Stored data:
##########

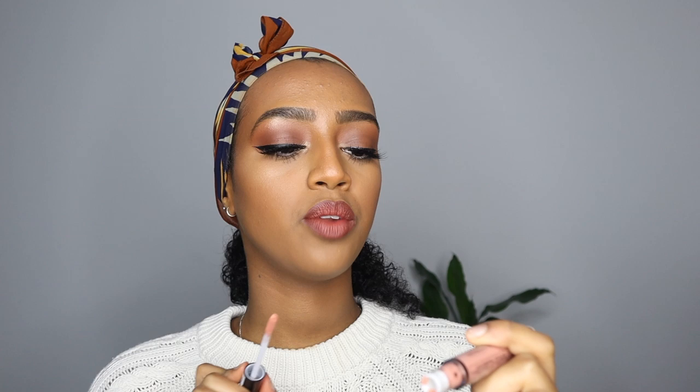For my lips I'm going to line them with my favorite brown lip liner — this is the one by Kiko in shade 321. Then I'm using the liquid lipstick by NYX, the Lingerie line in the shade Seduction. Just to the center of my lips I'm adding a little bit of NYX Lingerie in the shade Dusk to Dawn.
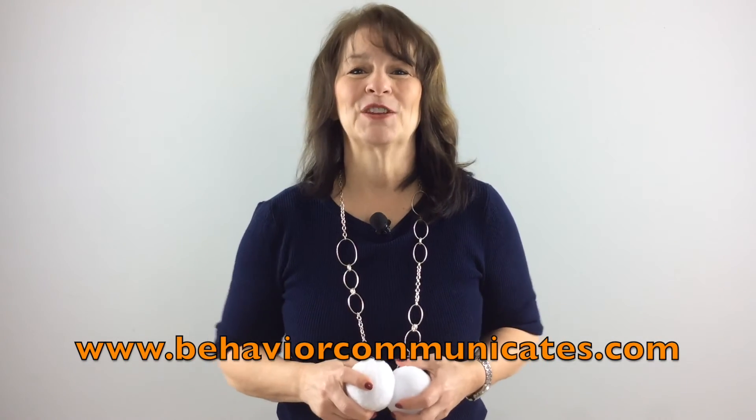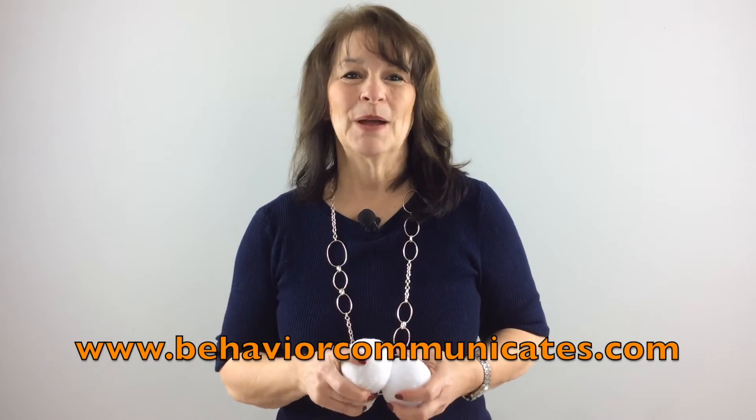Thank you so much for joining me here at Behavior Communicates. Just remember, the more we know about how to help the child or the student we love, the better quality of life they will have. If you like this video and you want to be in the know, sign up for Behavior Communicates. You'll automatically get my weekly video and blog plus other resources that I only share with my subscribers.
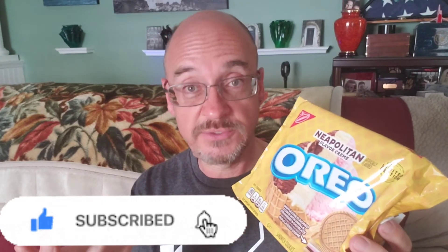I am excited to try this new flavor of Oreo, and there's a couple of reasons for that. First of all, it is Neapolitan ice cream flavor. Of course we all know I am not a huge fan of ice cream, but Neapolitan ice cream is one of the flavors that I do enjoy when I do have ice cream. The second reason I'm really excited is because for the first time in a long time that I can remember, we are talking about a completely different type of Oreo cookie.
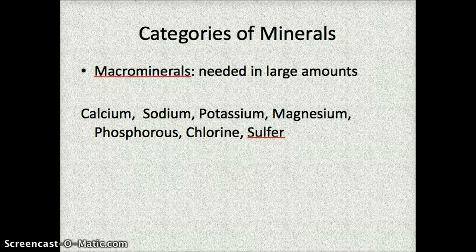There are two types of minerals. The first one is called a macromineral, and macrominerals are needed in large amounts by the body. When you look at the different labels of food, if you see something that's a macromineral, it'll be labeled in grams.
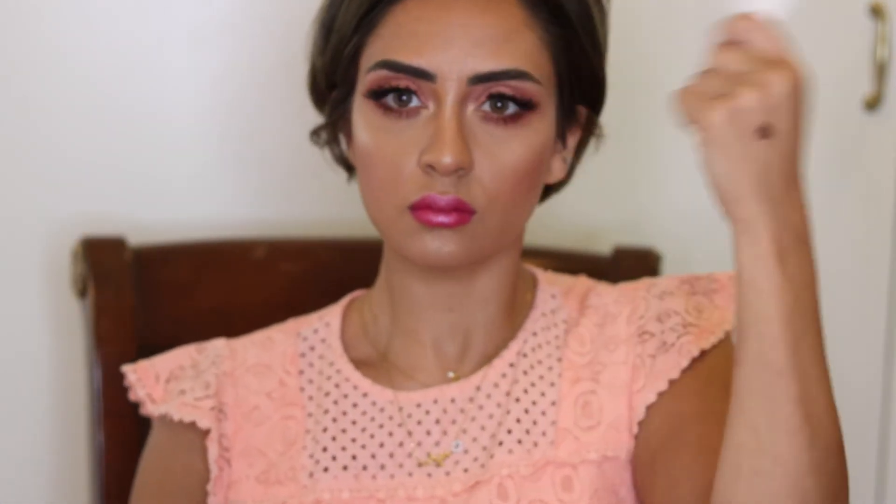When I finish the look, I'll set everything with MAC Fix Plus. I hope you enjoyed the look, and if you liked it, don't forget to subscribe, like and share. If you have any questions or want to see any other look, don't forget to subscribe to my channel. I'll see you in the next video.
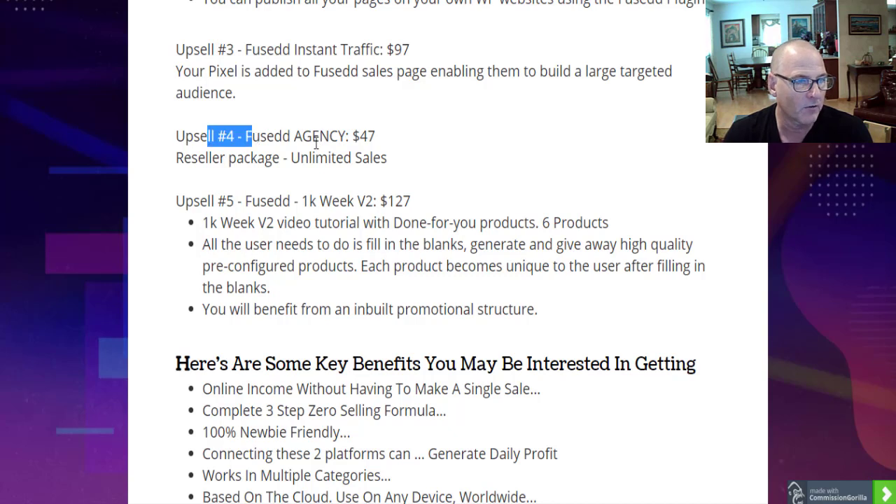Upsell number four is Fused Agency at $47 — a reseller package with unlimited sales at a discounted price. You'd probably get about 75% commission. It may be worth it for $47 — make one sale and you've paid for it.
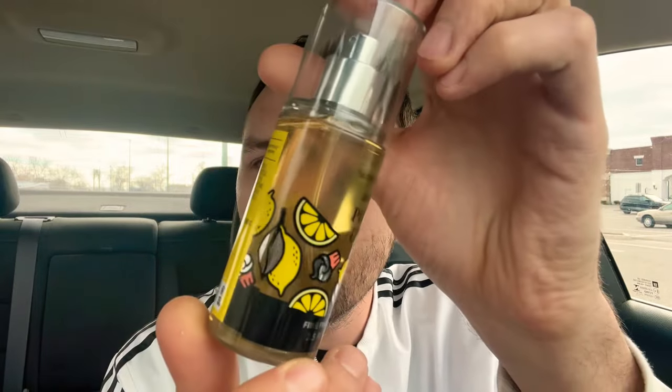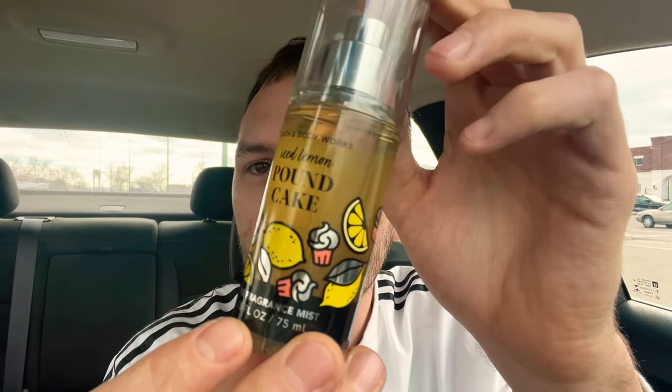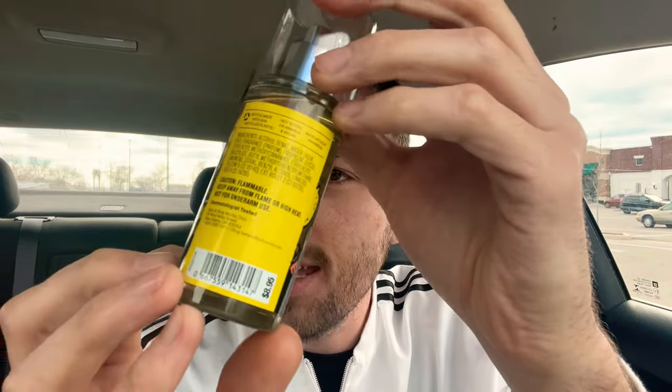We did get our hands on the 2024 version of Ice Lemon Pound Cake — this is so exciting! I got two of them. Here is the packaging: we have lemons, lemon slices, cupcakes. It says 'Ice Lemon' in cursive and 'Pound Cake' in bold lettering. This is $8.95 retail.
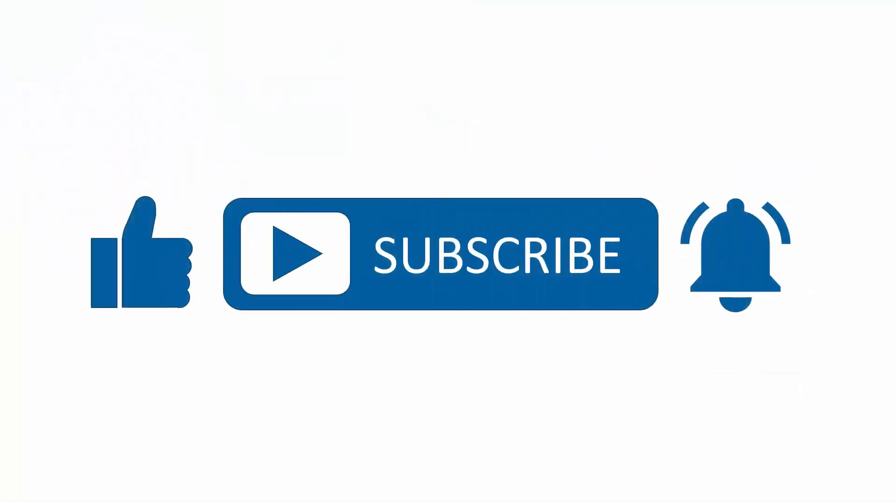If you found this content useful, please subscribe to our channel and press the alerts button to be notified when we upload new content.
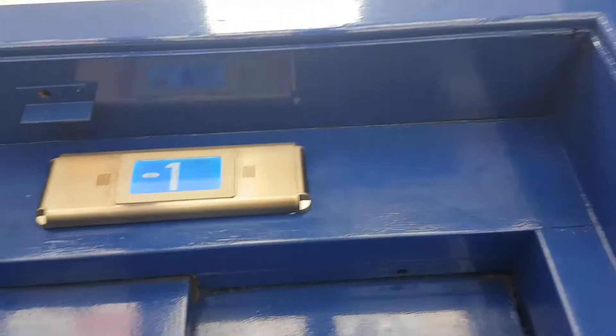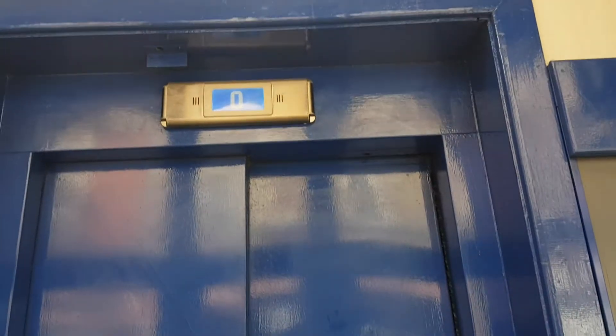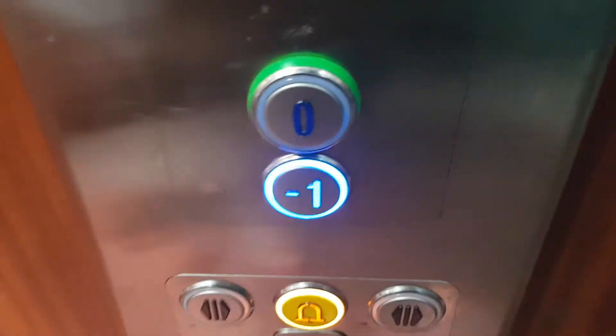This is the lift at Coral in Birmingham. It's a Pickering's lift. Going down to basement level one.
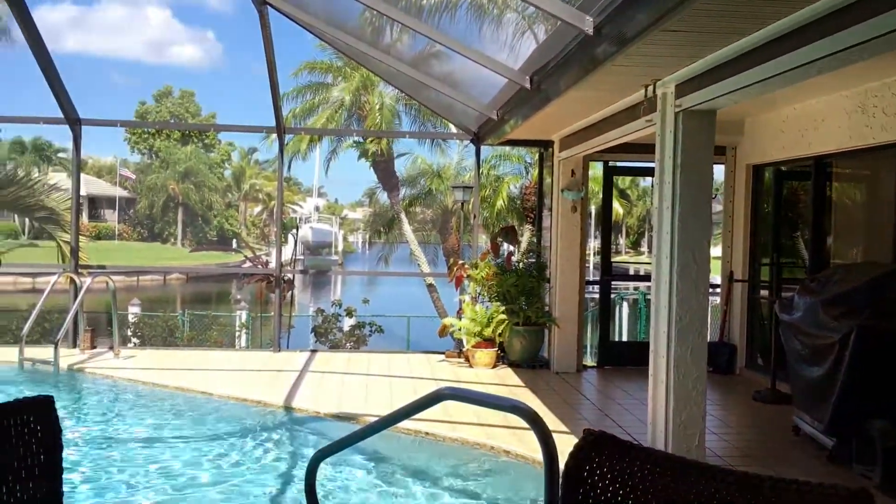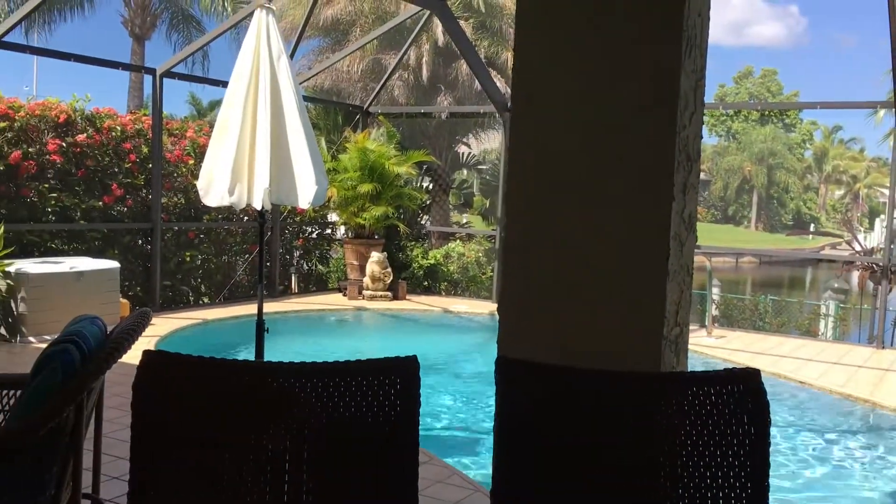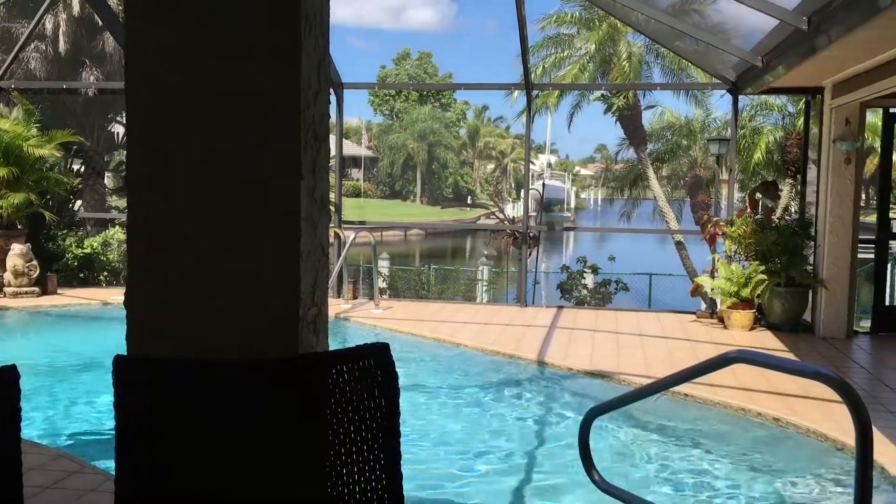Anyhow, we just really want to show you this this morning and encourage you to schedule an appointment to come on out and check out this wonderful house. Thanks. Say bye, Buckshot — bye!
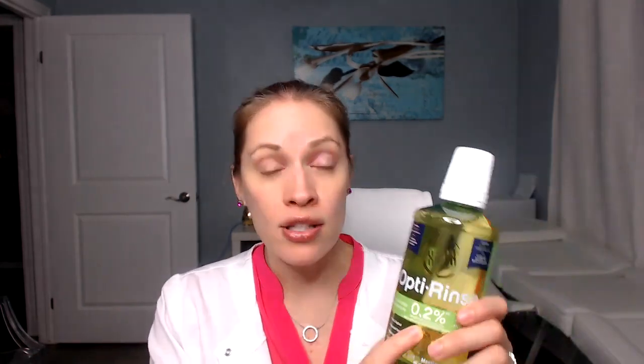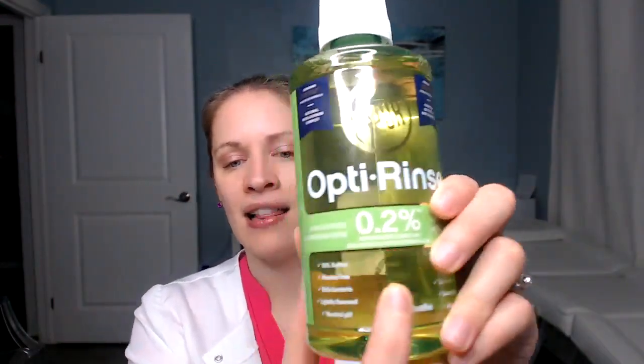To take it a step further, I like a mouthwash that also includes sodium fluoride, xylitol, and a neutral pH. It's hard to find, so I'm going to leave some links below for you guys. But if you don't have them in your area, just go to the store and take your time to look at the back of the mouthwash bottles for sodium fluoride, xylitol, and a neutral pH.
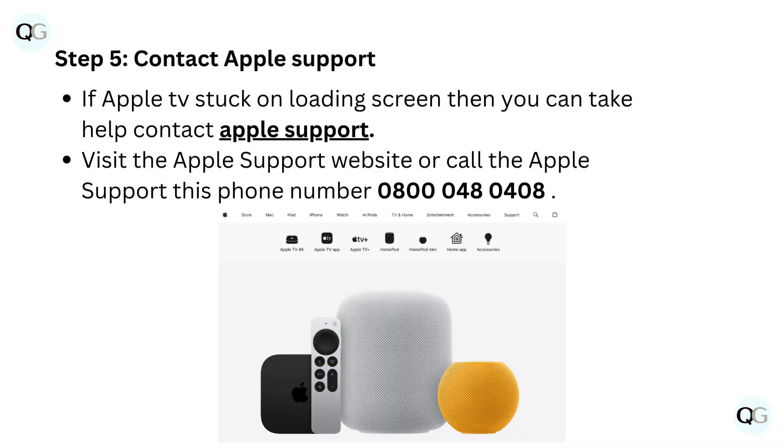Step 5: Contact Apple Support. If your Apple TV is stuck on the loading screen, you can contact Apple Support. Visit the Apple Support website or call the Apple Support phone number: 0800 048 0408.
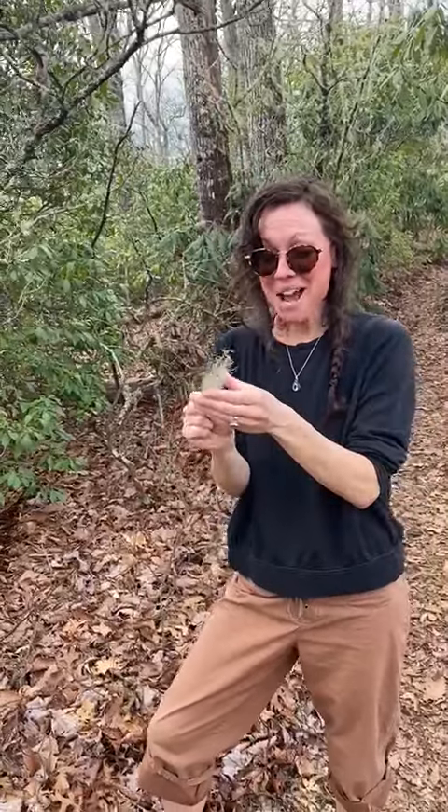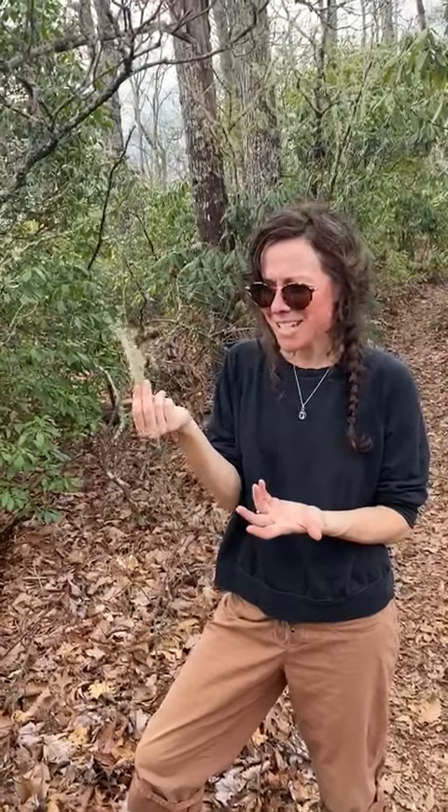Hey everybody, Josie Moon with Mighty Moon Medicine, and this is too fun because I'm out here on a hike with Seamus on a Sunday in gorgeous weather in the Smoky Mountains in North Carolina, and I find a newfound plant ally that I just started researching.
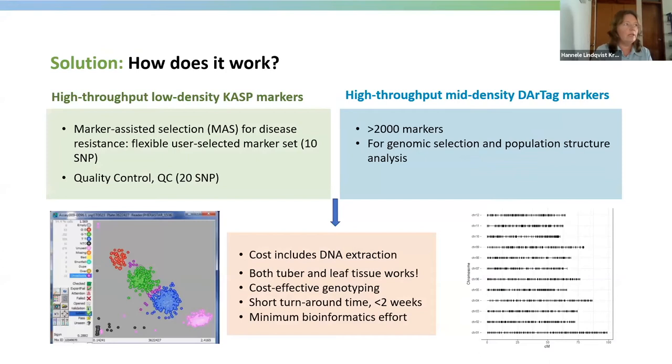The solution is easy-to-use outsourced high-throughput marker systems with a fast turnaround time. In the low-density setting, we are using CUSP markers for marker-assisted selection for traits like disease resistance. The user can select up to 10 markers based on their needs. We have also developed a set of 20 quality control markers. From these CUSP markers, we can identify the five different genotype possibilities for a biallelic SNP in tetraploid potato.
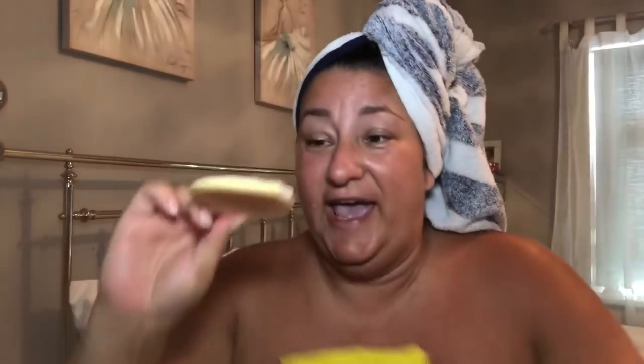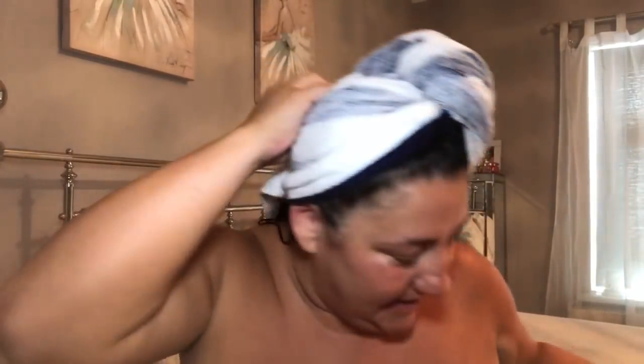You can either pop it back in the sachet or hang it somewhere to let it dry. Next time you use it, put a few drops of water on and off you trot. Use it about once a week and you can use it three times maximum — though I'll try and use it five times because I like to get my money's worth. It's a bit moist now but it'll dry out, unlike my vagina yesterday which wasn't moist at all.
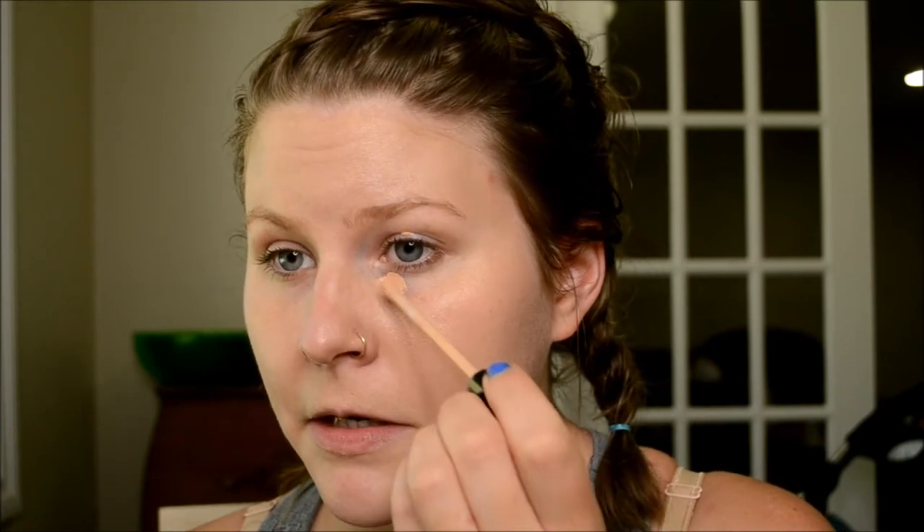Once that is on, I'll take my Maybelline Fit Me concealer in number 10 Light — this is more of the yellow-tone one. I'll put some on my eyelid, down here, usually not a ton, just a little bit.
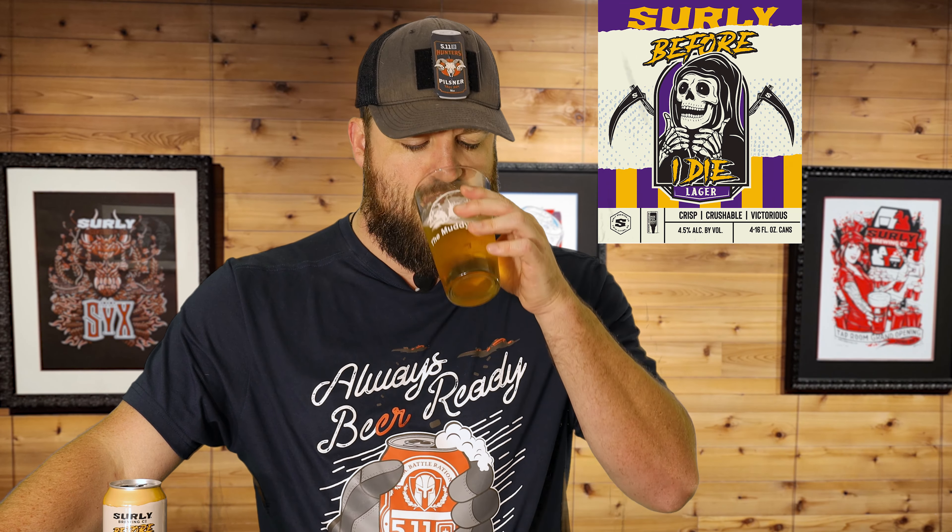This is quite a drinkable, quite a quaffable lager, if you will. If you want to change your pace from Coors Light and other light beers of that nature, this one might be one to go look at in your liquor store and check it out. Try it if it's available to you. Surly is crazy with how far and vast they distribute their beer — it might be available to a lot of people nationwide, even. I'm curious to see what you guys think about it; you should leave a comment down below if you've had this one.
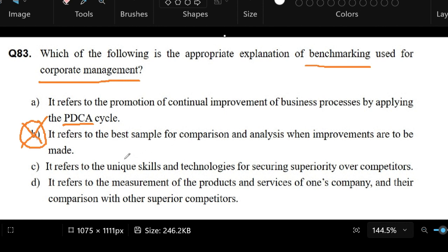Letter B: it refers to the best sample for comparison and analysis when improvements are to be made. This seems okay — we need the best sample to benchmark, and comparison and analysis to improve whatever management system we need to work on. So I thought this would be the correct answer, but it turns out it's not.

##########

Every line from the one containing "Once that is" through the end of the records is to be returned exactly, and those lines alone; pictures are dropped.

Once that is on, I'll take my Maybelline Fit Me concealer in number 10 Light — this is more of the yellow-tone one. I'll put some on my eyelid, down here, usually not a ton, just a little bit.
This is quite a drinkable, quite a quaffable lager, if you will. If you want to change your pace from Coors Light and other light beers of that nature, this one might be one to go look at in your liquor store and check it out. Try it if it's available to you. Surly is crazy with how far and vast they distribute their beer — it might be available to a lot of people nationwide, even. I'm curious to see what you guys think about it; you should leave a comment down below if you've had this one.
Letter B: it refers to the best sample for comparison and analysis when improvements are to be made. This seems okay — we need the best sample to benchmark, and comparison and analysis to improve whatever management system we need to work on. So I thought this would be the correct answer, but it turns out it's not.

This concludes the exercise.